Em meio ao medo, ela relata alegrias espalhadas por sua adolescência. As tradições festivas, por exemplo, eram rigorosamente seguidas, e oferecem uma breve espiada nos costumes austríacos.
Aliado a esses momentos de prazer, que coexistiram com o martírio ao qual a garota foi submetida, havia a profunda tentativa de compreensão de seu algoz. Talvez pelo fato de ter se sentido muito mal na infância ela relata, como num thriller, que estava pensando em se jogar na frente de um carro momentos antes de ser arremessada para dentro da caminhonete por Wolfgang , Natascha perdoou o sequestrador logo no início do cativeiro e se esforçou para entender seu problema psicológico.
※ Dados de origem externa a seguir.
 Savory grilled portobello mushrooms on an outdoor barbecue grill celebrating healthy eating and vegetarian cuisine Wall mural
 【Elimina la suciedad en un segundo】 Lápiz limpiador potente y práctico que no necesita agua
Essa visão da situação foi rotulada pela imprensa como decorrência da "síndrome de Estocolmo" quando o sequestrado se afeiçoa pelo sequestrador , o que enfureceu Natascha.
Muita mágoa também é destinada à investigação policial, já que as duas únicas boas pistas sobre seu desaparecimento foram deixadas de lado. Um dos problemas do texto é que, quando toca nesse assunto, o livro vai deixando pontas abertas. No final, ela cita uma pista deixada por um adestrador de cães, sem explicar do que se trata como se o leitor soubesse de todos os fatos relacionados ao sequestro, fato ocorrido entre os anos de 1998 e 2006.
Esses percalços não tiram o encanto da obra: o intenso fluxo de pensamentos da vítima do sequestro mais longo de que se tem conhecimento.
Serviço: 3096 dias. Natascha Kampusch.Tradução de Ana Resende. Verus, 225 págs. R$ 29,90.